Task description:
Look through the data below and extract, unchanged, the lines from the one that contains "Vince Camuto Short" to the one that contains "ManBang Men Wallets", both included.
*** Opening Data supplied ***
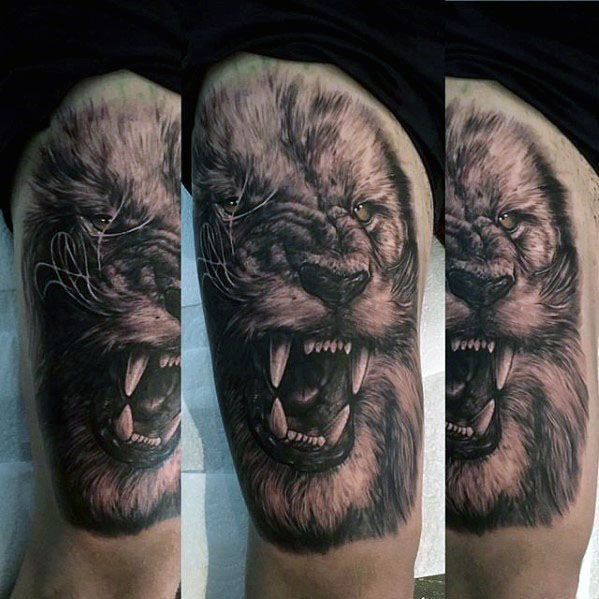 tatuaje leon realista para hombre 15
*** Closing Data supplied ***
*** Opening Data supplied ***
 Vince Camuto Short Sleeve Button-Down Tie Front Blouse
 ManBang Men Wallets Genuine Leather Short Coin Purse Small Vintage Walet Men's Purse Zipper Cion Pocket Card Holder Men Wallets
*** Closing Data supplied ***
Reply:
 Vince Camuto Short Sleeve Button-Down Tie Front Blouse
 ManBang Men Wallets Genuine Leather Short Coin Purse Small Vintage Walet Men's Purse Zipper Cion Pocket Card Holder Men Wallets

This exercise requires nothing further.